* _Problem_
Pictures are to be left out. Return exactly the lines below from the one with "Luftbild von einer" up to and including the one with "Coloured sandstone rock, beech".

* _Data shown_

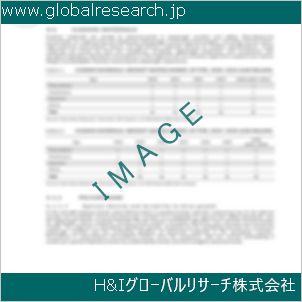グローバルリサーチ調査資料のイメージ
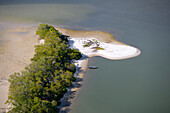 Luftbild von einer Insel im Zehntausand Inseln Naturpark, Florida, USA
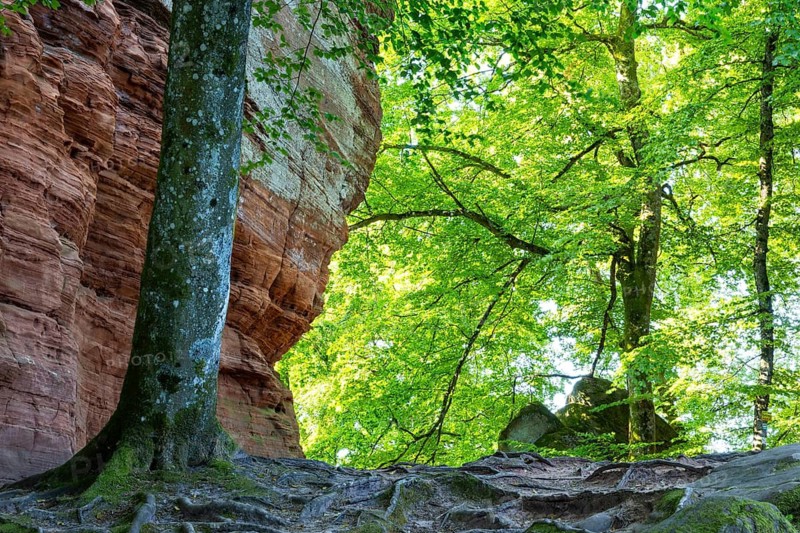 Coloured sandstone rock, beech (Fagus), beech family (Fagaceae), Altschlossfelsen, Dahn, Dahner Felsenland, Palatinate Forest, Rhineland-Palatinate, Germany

...

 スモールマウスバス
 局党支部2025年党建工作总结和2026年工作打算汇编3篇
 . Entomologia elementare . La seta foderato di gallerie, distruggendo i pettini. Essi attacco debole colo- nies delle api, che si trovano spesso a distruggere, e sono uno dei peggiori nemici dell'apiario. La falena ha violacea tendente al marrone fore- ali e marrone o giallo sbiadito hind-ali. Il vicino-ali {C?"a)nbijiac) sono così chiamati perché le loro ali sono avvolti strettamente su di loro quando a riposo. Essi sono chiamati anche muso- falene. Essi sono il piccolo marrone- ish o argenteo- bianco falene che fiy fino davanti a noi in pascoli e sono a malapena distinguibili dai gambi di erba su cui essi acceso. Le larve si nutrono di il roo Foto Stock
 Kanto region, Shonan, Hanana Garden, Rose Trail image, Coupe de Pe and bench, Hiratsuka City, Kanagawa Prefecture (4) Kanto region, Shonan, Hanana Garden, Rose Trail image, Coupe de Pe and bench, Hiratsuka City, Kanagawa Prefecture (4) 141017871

* _Response to the exercise_
 Luftbild von einer Insel im Zehntausand Inseln Naturpark, Florida, USA
 Coloured sandstone rock, beech (Fagus), beech family (Fagaceae), Altschlossfelsen, Dahn, Dahner Felsenland, Palatinate Forest, Rhineland-Palatinate, Germany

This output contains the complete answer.